You might want to try a better quality machine screw.

Also the speader bars would get screwed to the grid with short Tek screws like 3/8 long or so.


----------



## LaneLester (Sep 2, 2010)

Jim Port said:


> You might want to try a better quality machine screw.


Thanks, Jim. There didn't seem to be any problem with the screws, but rather the plastic holes in the box. Perhaps I can find a machine screw that will work; it will have to be pretty long and pretty thin in this situation.



> Also the speader bars would get screwed to the grid with short Tek screws like 3/8 long or so.


I wish I had a photo of the spreader bars to show you to see if you use the same as these. Holes would have to be drilled in both those bars and the T bars, because there aren't any now.

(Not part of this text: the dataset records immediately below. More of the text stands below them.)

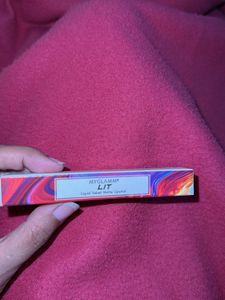 Myglamm LIT Lipstick
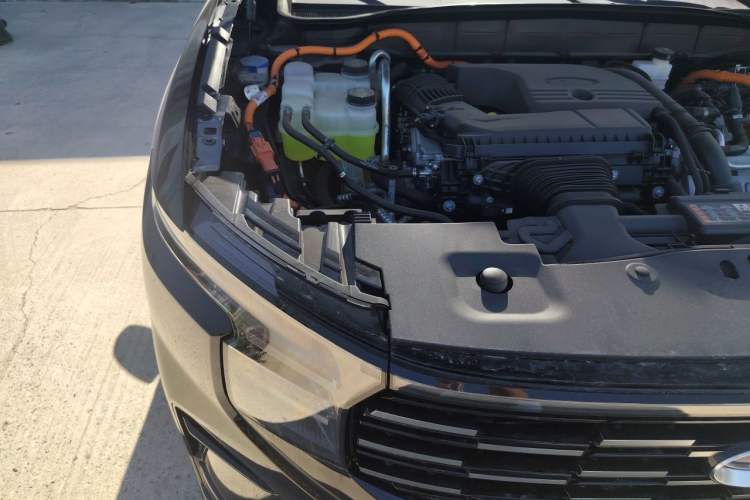 Used Ford Edge 2025 Ford Explorer L 2.0T EcoBoost E-Hybrid Four-Wheel-Drive 7-Seater Supreme Model Engine Bay Right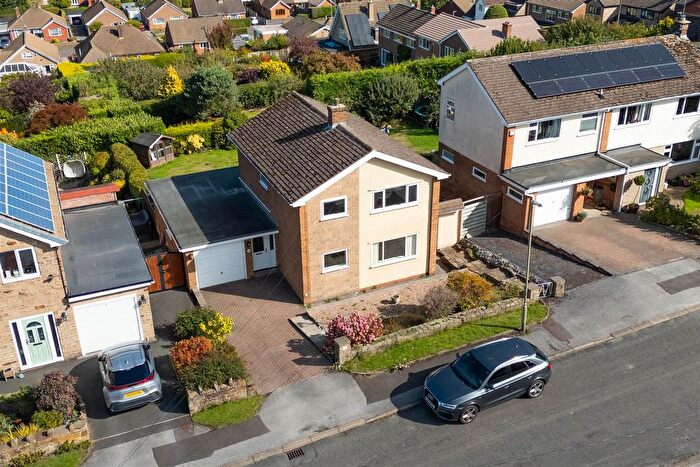 3 Bedroom Detached House For Sale In Guildford Avenue, Walton, Chesterfield, S40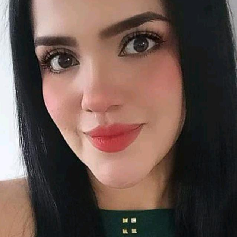 Nicole Velez Castillo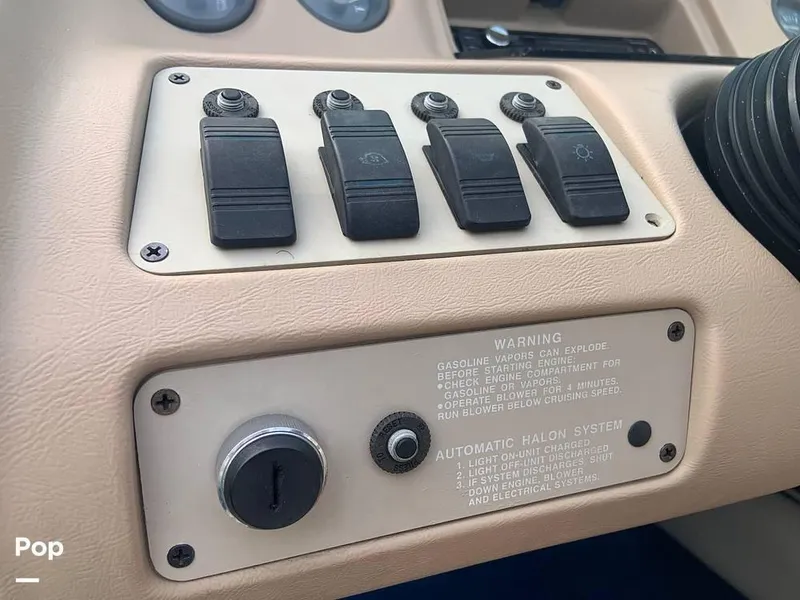 Slide: The Image of 1994 Sea Ray 220 Signature for sale in Somerset, KY - 76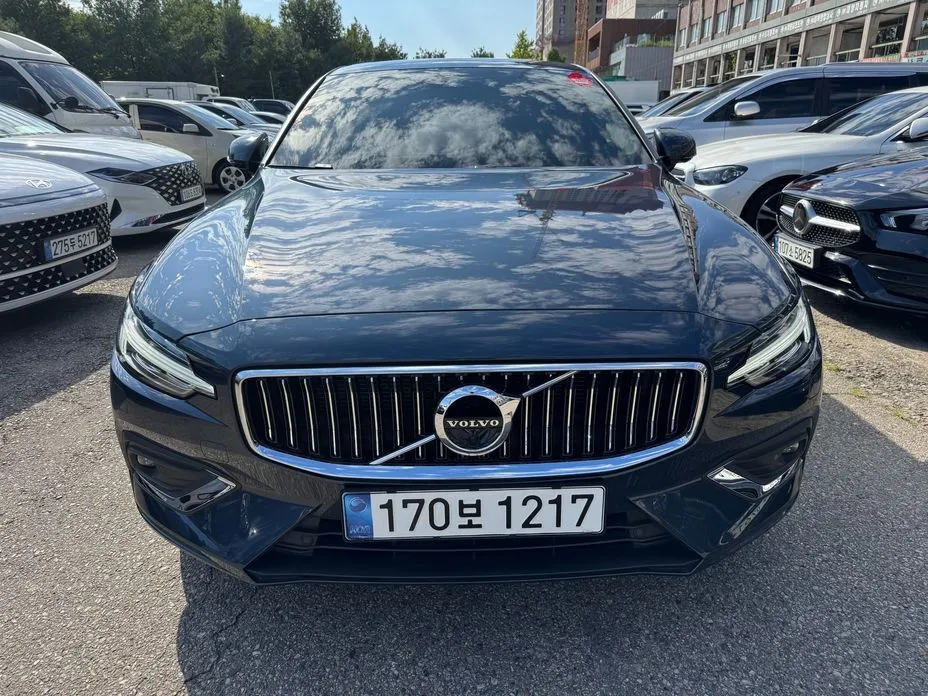 Volvo S60 — фото 7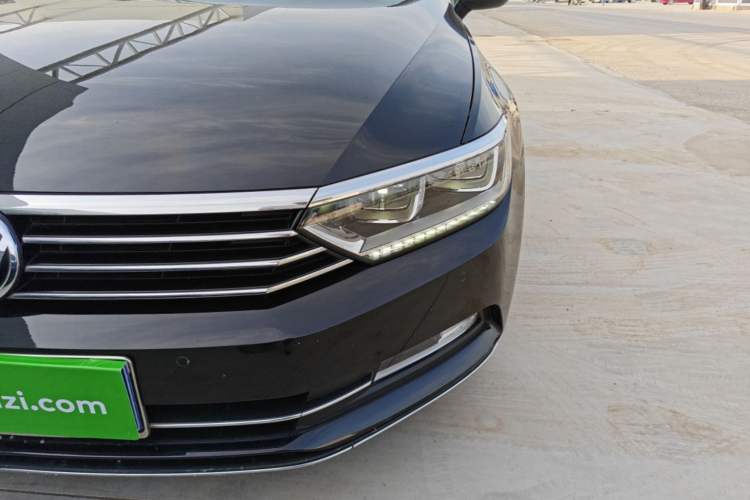 Used Volkswagen Magotan 2018 Facelift 330TSI DSG Luxury Model Left Front Headlight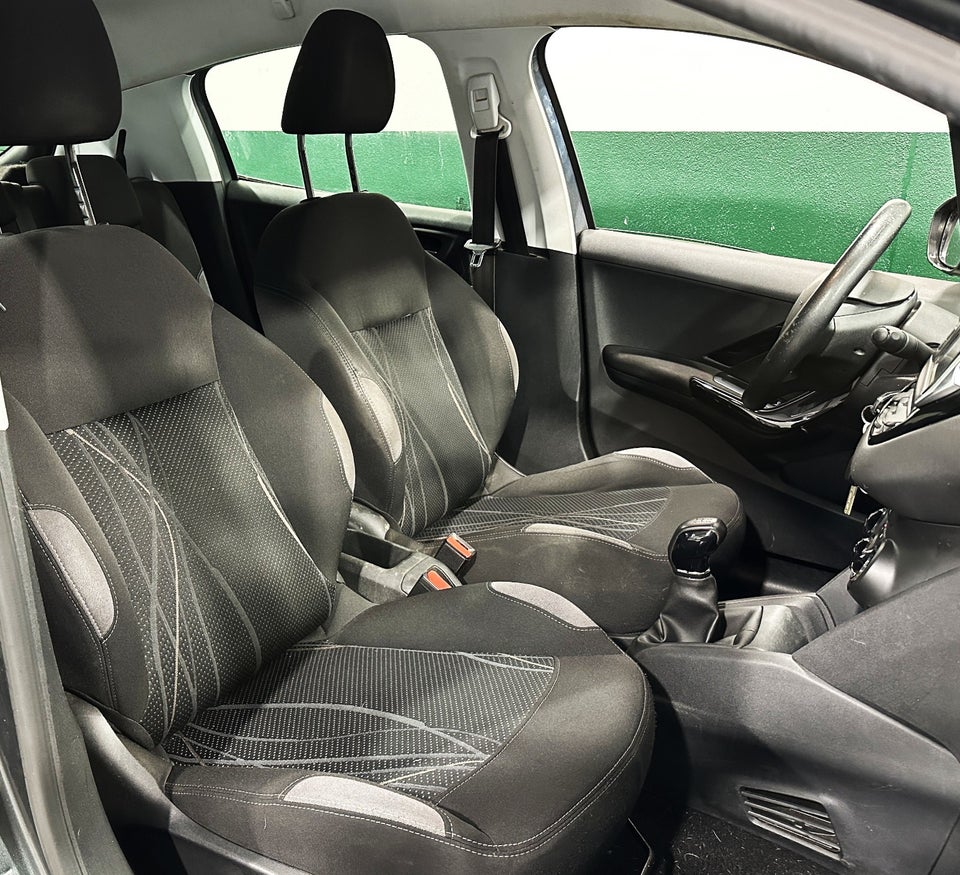 Peugeot 208 1,2 VTi Access 5d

For the box not to hang down too far below the ceiling I have the bars perched on the T bars using little metal flanges that were cut in the spreader bars. I'm not sure enough metal hangs down to drill holes even if I were inclined to do so.

Lane


----------



## Jim Port (Sep 21, 2007)

...........................................


----------



## Jim Port (Sep 21, 2007)

This is the box I use


----------



## LaneLester (Sep 2, 2010)

That's it, all right. By supporting the spreader bars on the little cutout shelf on each bar's flat end, the lower edge of the box came flush with the ceiling tile. If I had just let the horizontal part of the bar rest on the T bar, the box would have hung down too far.

The fixture is in place and functional. It's just not tight against the ceiling.
I'll be looking for appropriate screws to attach the fixture tightly.

Lane


----------